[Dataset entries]

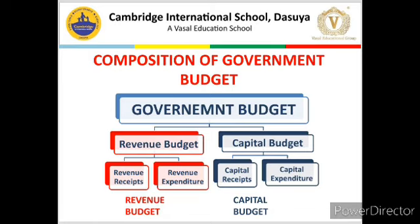Revenue budget consists of revenue receipts and revenue expenditure. Similarly, capital budget comprises capital receipts and capital expenditure. On your screen you can see basically four different concepts: revenue receipt, revenue expenditure, capital receipt, and capital expenditure. You just need to understand that government budget is segregated into two different budgets — revenue budget consisting of revenue receipts and revenue expenditure, and capital budget consisting of capital receipts and capital expenditure.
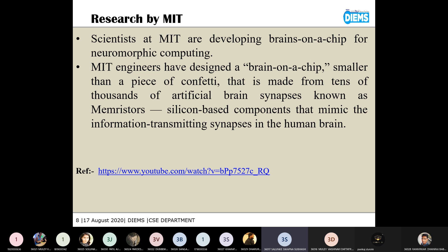The next is a research by MIT. They have developed a chip which is very small in size but has a very great capacity. If we use any type of data to train our model, this chip can detect or sense that image even after a number of years, because this chip has a very large capacity of learning and it has a very large capacity of memorizing also.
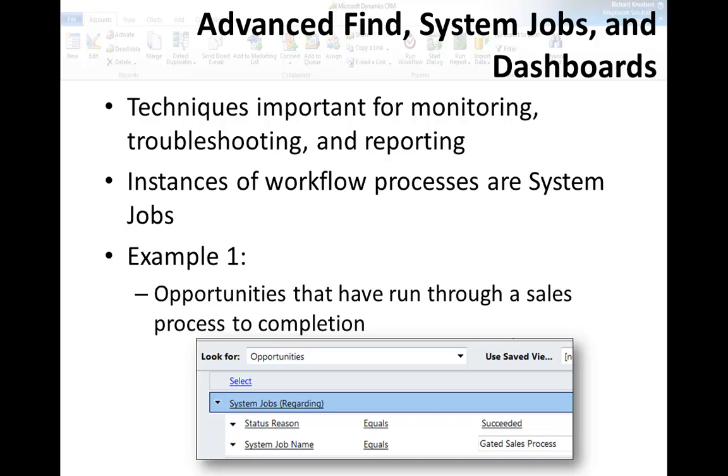On to the next topic, which might at first not really sound like a business process topic - advanced find, system jobs, and dashboards. But I think it is. These are really important techniques for monitoring, troubleshooting, and reporting on processes, and probably the more important the larger your user environment and the more workflows you have running.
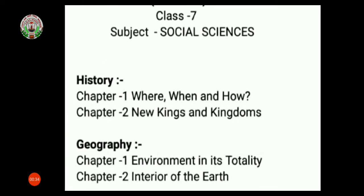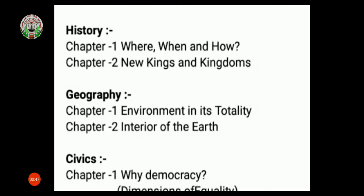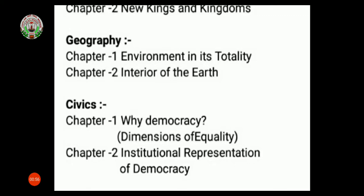Here on screen you are having the names of the chapters. History: Chapter 1 — Where, When and How; Chapter 2 — New Kings and Kingdoms. Geography: Chapter 1 — Environment in its Totality; Chapter 2 — Interior of the Earth. Civics: Chapter 1 — Dimensions of Equality; Chapter 2 — Institutional Representation of Democracy.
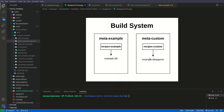Let's see this with a diagram. In our build system we have two layers. As you know, layers are prefixed with the 'meta' keyword. We have 'meta-example' and 'meta-custom'. The meta-example layer is a third-party layer we haven't created. Inside meta-example we have a recipes-example folder, and inside that we have example.bb — this is called the original recipe or base recipe.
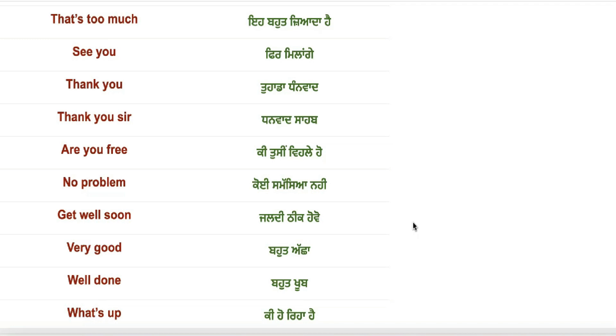Well done! Bohat khub! What's up? Ki ho raya hai?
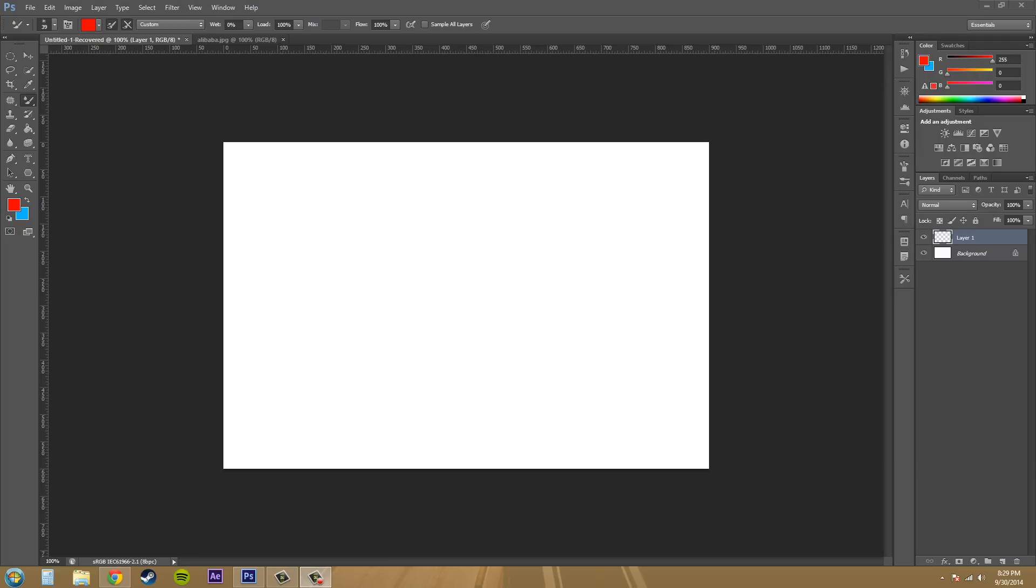Hey everybody, welcome to another Photoshop CSX tutorial. My name is Buddy Blackford.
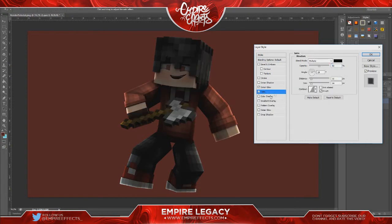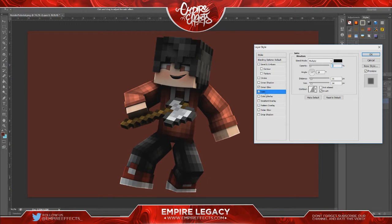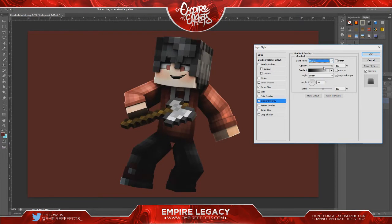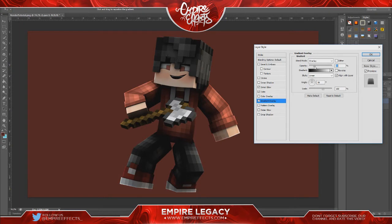Then I'm going to go to Satin and just put that down to like 6. Then Gradient Overlay — I'm going to change that to Overlay, obviously it's an overlay. So I changed the opacity to maybe like 24, I'll just do 20 for the sake of the video. Put it to an angle of the render.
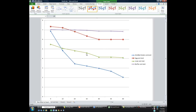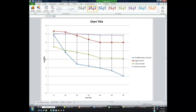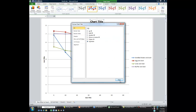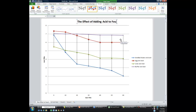Now the chart is not complete — we need a title and we need to label our axes. So go over to where it says Chart Layouts and select from the Chart Layouts. The best one for this particular chart is Layout 10. That allows you to have a title and the axes labeled. You just click on where the chart title is, highlight that, and put in your own title. So this one was: the Effect of Adding Acid to Four Solutions.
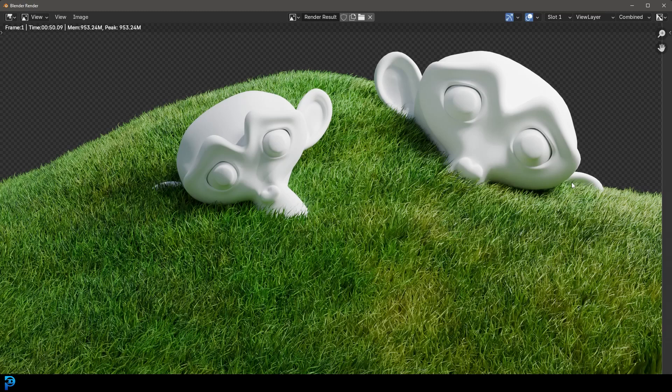Welcome back to the channel and today we're going to be looking at how to make really simple and very fast grass in Blender 4.3.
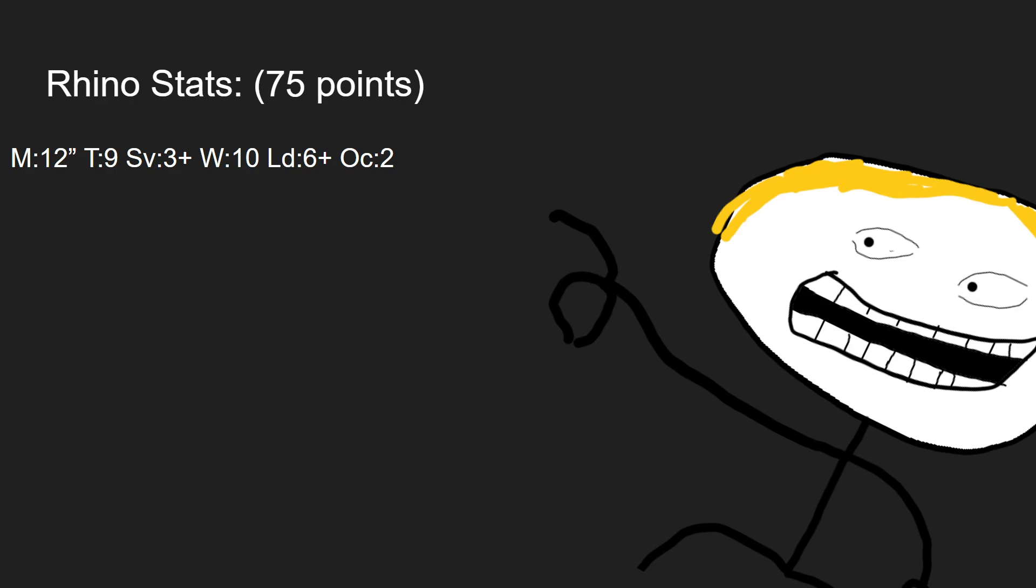Its OC2 is okay for contesting objectives, but that's not the main event. It can, of course, transport 12 Heretic Astartes Infantry. Let's get into its weaponry and such forth.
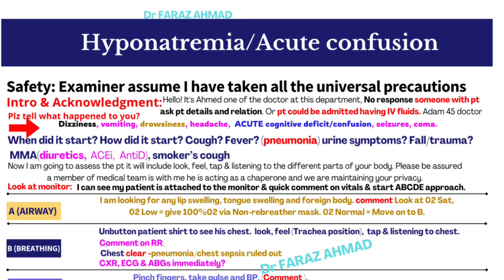If there is no response from the patient, there will likely be someone with the patient such as a nurse or attendant. Ask for the patient's name, date of birth, and their relation. The nurse or patient will confirm details. The patient may present with dizziness, vomiting, drowsiness, headache, acute cognitive deficit, confusion, seizures, or coma. Ask when the confusion started and whether it started abruptly or gradually.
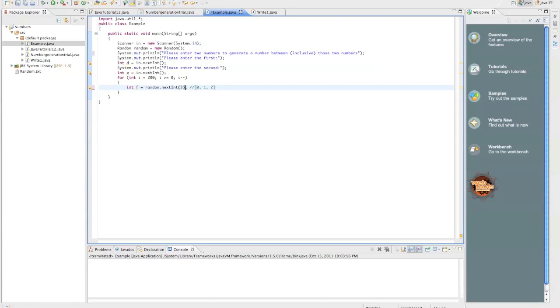It's zero, one, two. If you did an offset like this, it would be one, two, and three.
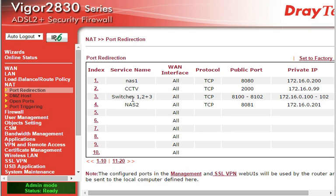Hello, today we're going to show you how to do port forwarding or port redirection on a JTEP video router.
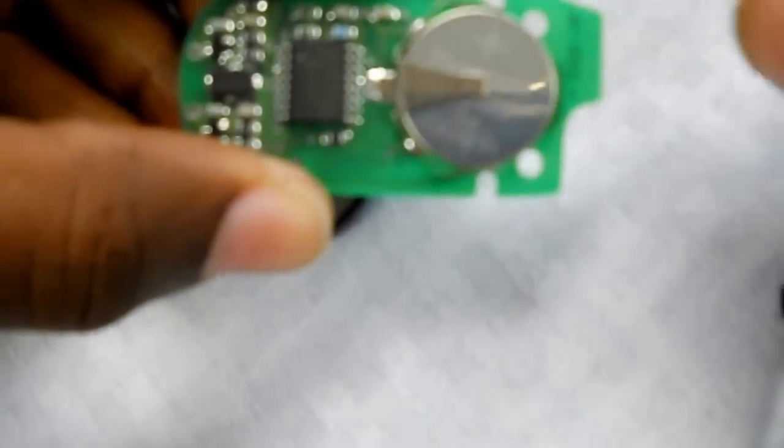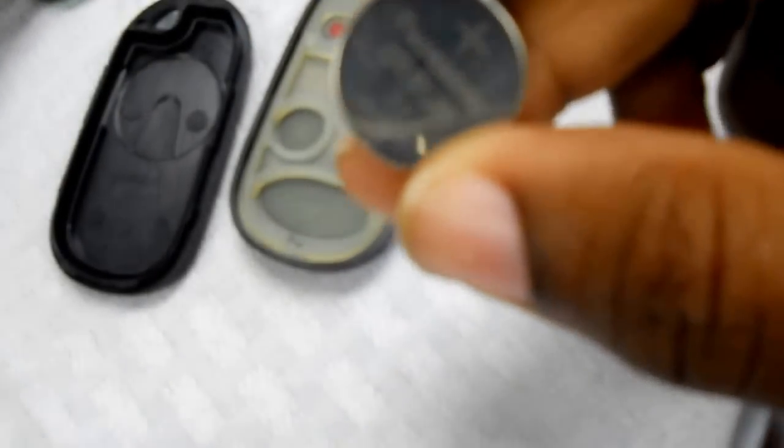The battery will be located here. You take it out, and the battery for this key fob is CR-2025.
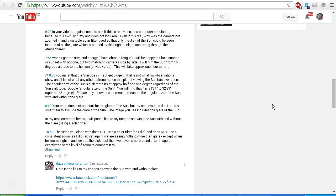At 10:50, the video that you close out with does not use a solar filter, as I did, and it does not use a consistent zoom, as I did. So yet again, we see nothing more than glare, except when he zooms right in and we see the disk. But then we have no before and after image at exactly the same level of zoom to compare it to, which we did have in my video. Let's have a look at that closing video.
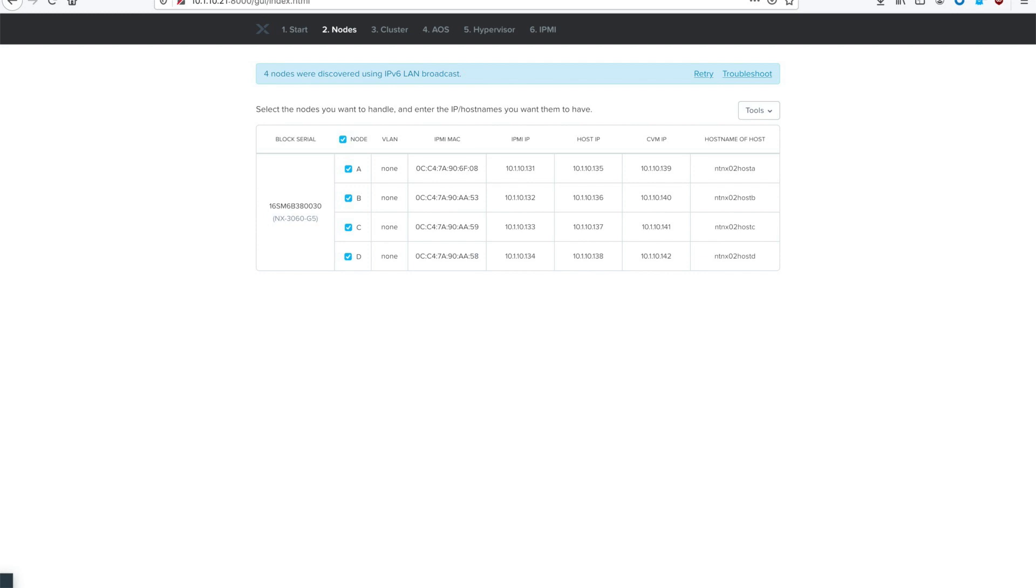go ahead and give them the CVM, host, and out-of-band management IP addresses, and then also the host names that you plan to use. Once all your information is inputted correctly, go ahead and hit Next for Step 3.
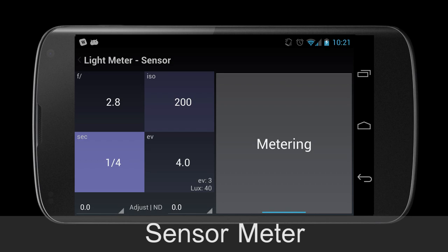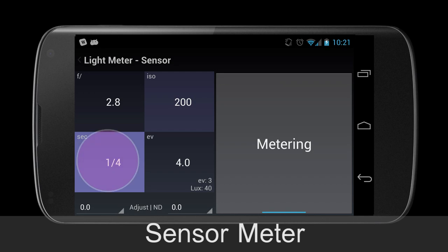You can start and stop metering using either the center button or the volume buttons. As you can see, I have drastically changed the layout. Hopefully this new layout is a bit clearer than the old. The value being calculated is highlighted in light purple, while the other values are medium and dark purple. To select the value to calculate for, long press on the value.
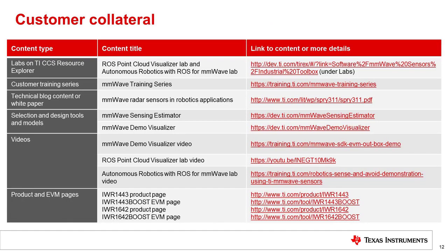TI provides a variety of online resources to help customers learn and evaluate TI millimeter wave sensors and design them into their products. This page lists the various links mentioned earlier in the presentation, such as videos for the Millimeter Wave Demo Visualizer, ROS Point Cloud Visualizer Lab, and Autonomous Robotics with ROS for Millimeter Wave Lab, as well as the ROS Point Cloud Visualizer Lab on the TI Resource Explorer, a millimeter wave training series including an excellent series on FMCW radar basics and theory, a millimeter wave radar sensors in robotics applications white paper, links to the millimeter wave sensing estimator and demo visualizer tools, and finally product and EVM pages. Thanks for watching the training presentation.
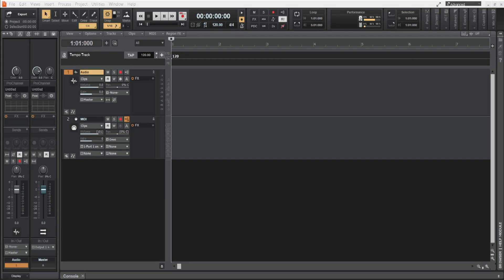Hello again my Cakewalk by BandLab friends. I had a request about the sometimes elusive VST plugins. I'll demonstrate. I'm in a track view.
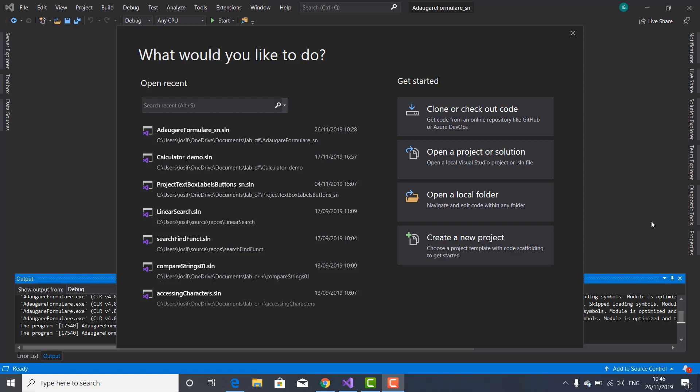Hi guys, welcome to another tutorial on IT Tutorials. I am Josef Bodnar and in this video tutorial I'm going to show you how to add multiple forms to your Windows Form app project. I'm going to start a project from scratch.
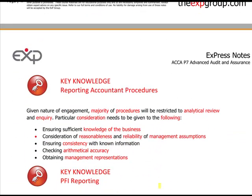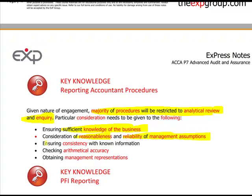Given the nature of the engagement, the majority of reporting accountant procedures will be restricted to analytical review and inquiry. You must speak with management and whoever has based the values and report on. You need to ensure you have sufficient knowledge of the business. You'll consider the reasonableness and reliability of management assumptions by cross-checking to other data, other companies, and other experts. Throughout the whole document you're reviewing, check for consistency - both within it and against other things you know. And don't be afraid in P7 to state the obvious: check the arithmetical accuracy, does it add up? Finally, obtain management representations confirming they've given you everything asked for.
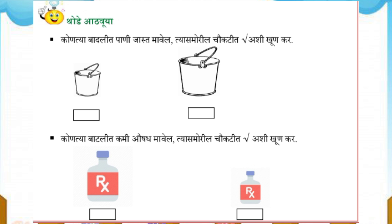Observe the pictures. Here is a small bucket and a big bucket. So the big bucket holds more water.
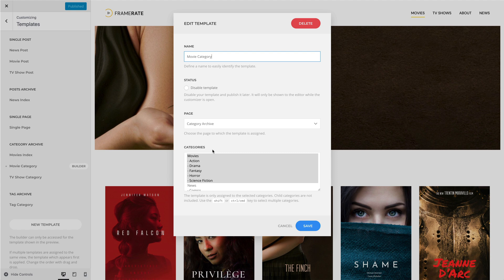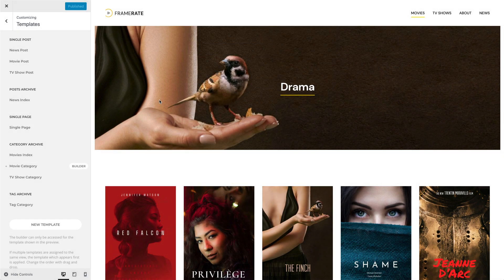A delete button is also available in the upper right corner. To add a new template, click the New Template button.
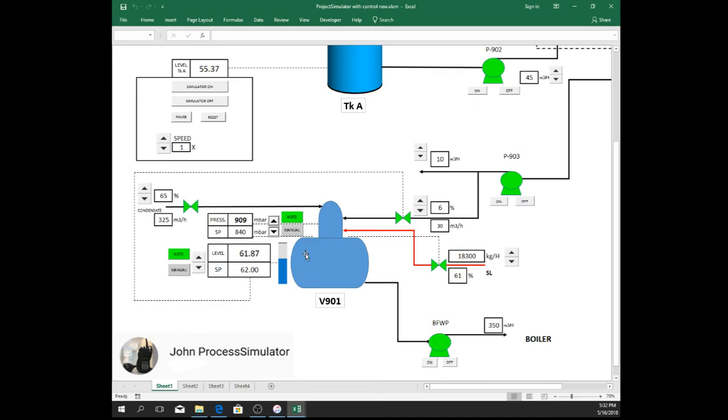That is how to make process emulator using Microsoft Excel VBA. Thank you for watching. If you find this video interesting, please hit like. And don't forget to subscribe.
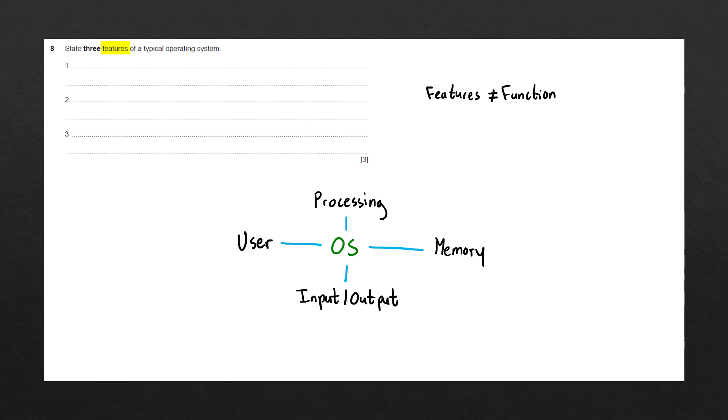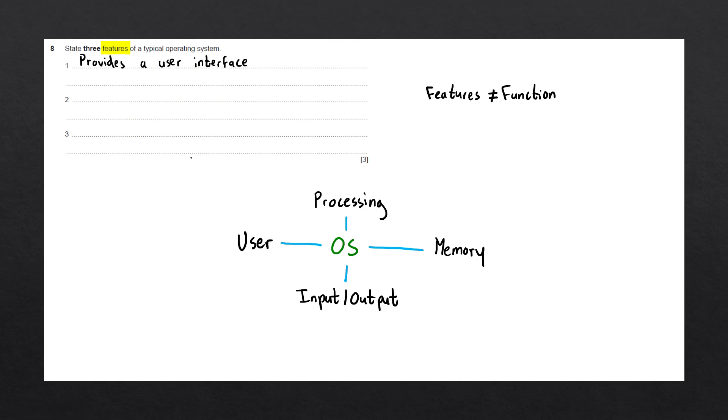So let's go through each of these and list a few different features of the operating system. Starting off with the user, the operating system is going to provide a user interface, such as a GUI, for the user to interact with the computer. We could also say that the operating system maintains user accounts for different users to log in to your computer.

### WHAT YOU ARE ASKED TO DO
With the pictures omitted, print the lines above exactly, beginning at the line with "Welcome back to" and going on through the line with "Its OC2 is okay".

### EXERCISE SOLUTION
Welcome back to the channel and today we're going to be looking at how to make really simple and very fast grass in Blender 4.3.
Its OC2 is okay for contesting objectives, but that's not the main event. It can, of course, transport 12 Heretic Astartes Infantry. Let's get into its weaponry and such forth.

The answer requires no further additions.